I was discussing a property insurance claim with a colleague a few weeks ago when he mentioned a letter that was sent to an insured from the insurance carrier shortly after their public adjuster submitted his letter of representation. The letter suggested that the insured review the public adjuster’s contract and fee structure to make sure it complies with Florida Statute 626.854. It also paraphrased several provisions of this statute dealing with the duties of a licensed public adjuster practicing in Florida, such as how a public adjuster cannot prevent an insurer from reasonable access to the insured or the insured property, and that the public adjuster cannot dissuade an insured from privately speaking with the insurer regarding the settlement of their claim.

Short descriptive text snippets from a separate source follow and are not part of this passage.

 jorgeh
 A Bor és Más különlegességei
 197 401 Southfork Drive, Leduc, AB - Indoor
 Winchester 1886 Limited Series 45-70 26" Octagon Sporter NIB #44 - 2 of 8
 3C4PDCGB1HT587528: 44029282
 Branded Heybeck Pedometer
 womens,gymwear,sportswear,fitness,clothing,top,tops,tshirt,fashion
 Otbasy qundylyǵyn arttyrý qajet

I’m sure the insurance company would claim that it was just innocently advising the insured merely of what a public adjuster in Florida can (or cannot) do when assisting with a claim. However, from the tone and context of the letter, it appeared – at least to me - that its intended effect was more of a warning to the homeowner aimed at causing the insured to second guess his or her decision to retain a public adjuster.   

Since then, several public adjusters have commented to me that a number of their clients have received similar types of letters from the insurance carrier sent shortly after the public adjuster advised the carrier that they have been retained in a claim. Some even indicated that they have now come to expect these letters since they have apparently become common practice whenever a public adjuster becomes involved in a claim. As I had imagined, in some cases the carrier’s letter leads the insured to become worried as a result of the “warnings” stated in the letter, and to question whether they want to continue having a public adjuster assist them with their claim.  

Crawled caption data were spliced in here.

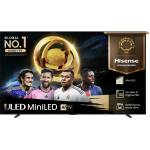 Hisense 100U7Q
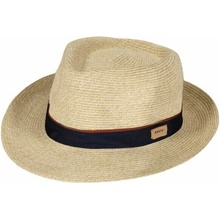 Barts Tranqilo Hat Wheat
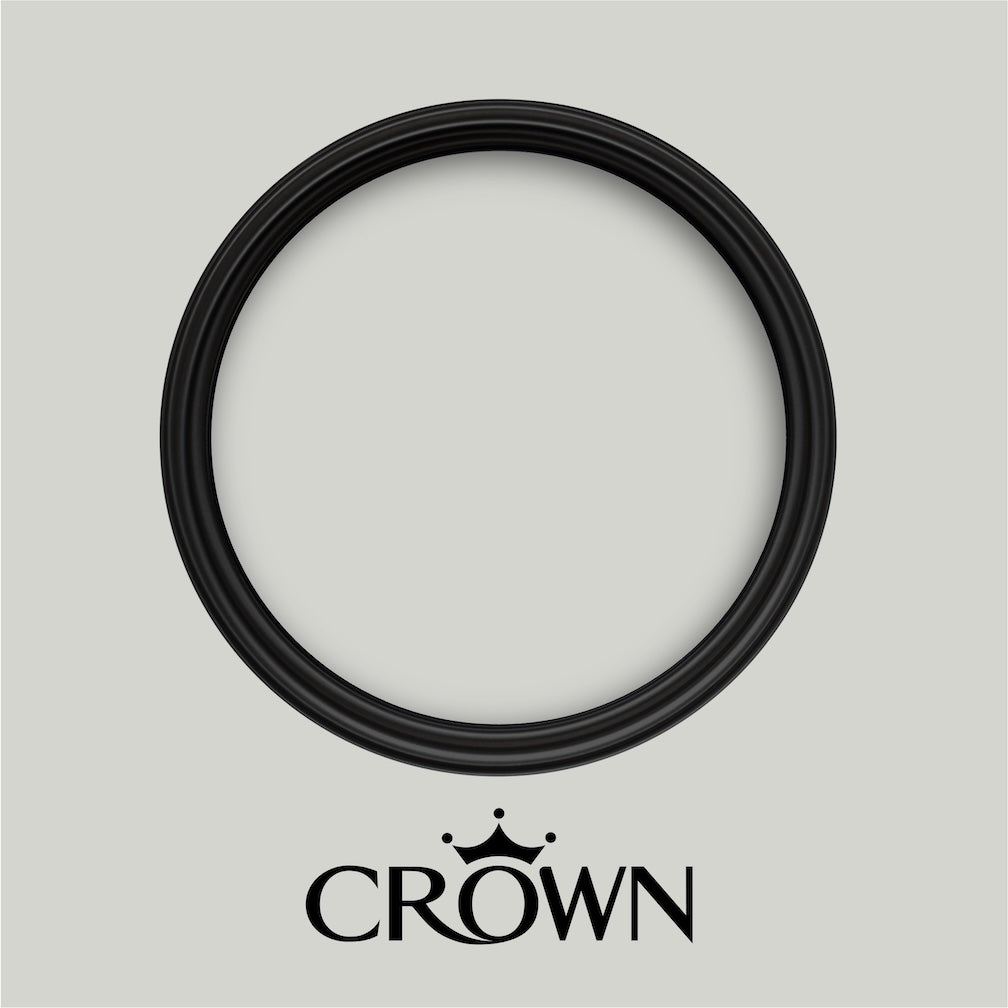 Crown Colour Edit Dappled Light Paint - D3660F - MV - 10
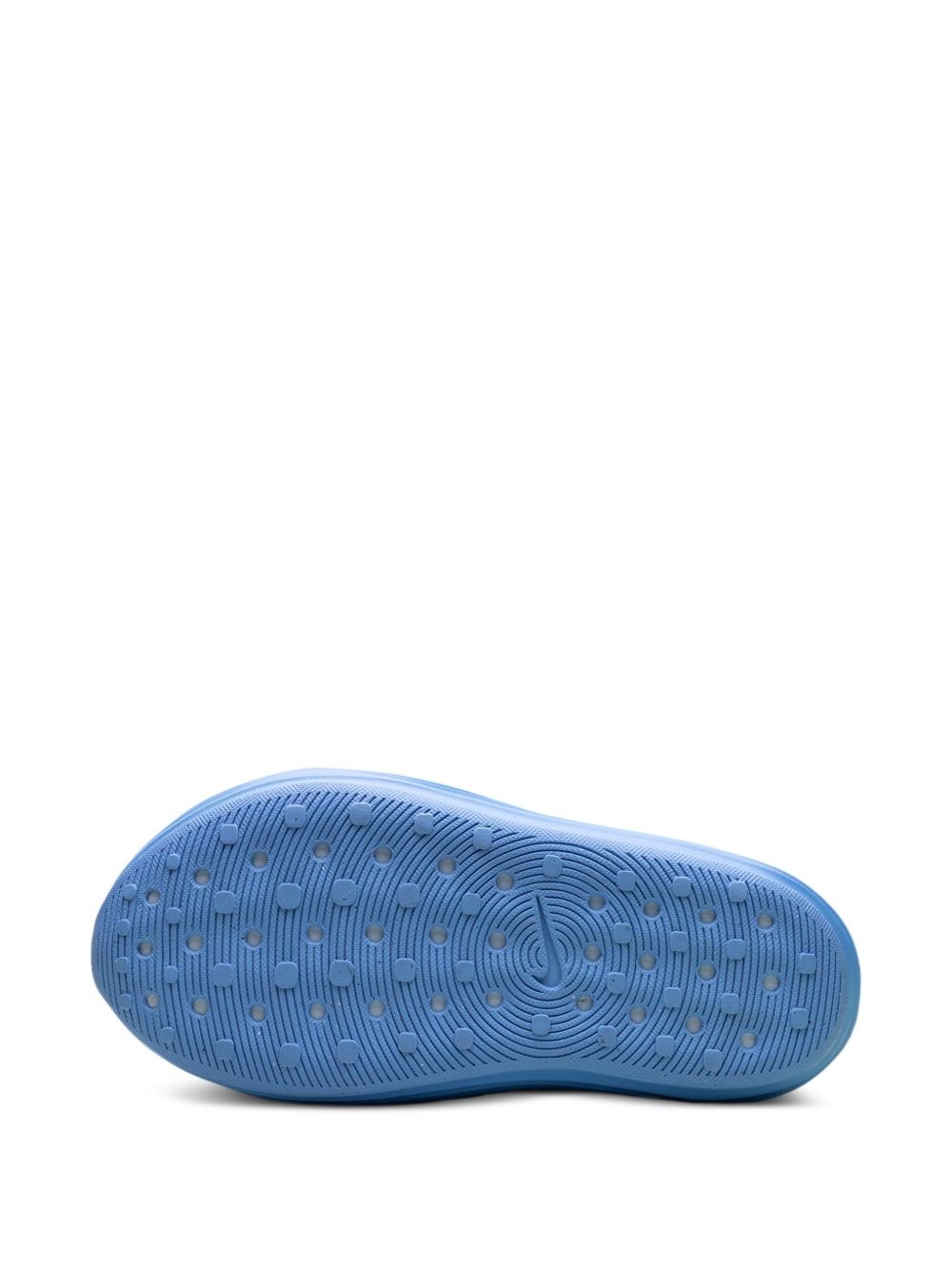 ReactX Rejuven8 "Glacier Blue" sneakers - 4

Even if the paraphrased provisions of Florida Statute 626.854 are technically accurate, depending on the particular language of the insurer’s letter and context in which it was submitted, sending such a letter to an insured may cross the line of between “good” and “bad” faith claims handling. Florida Administrative Code 69B-220.201(3)(h) explicitly prohibits an insurance adjuster from advising a claimant “against the retention of counsel or the employment of a public adjuster to protect the claimant’s interest.” A breach of this provision is considered an unfair claims settlement practice.1 Additionally, Florida Statute 626.9541 provides that misleading statements by insurance carriers are considered an unfair and deceptive practice under Florida law.  

Whether you are a homeowner or a public adjuster, if you receive or have received a letter from an insurance carrier which appears to “warn” against the representation of a public adjuster, you may want to consider asking an attorney with experience in first-party property insurance claims to provide his or her opinion as to whether it crosses the line into a bad faith claims settlement practice.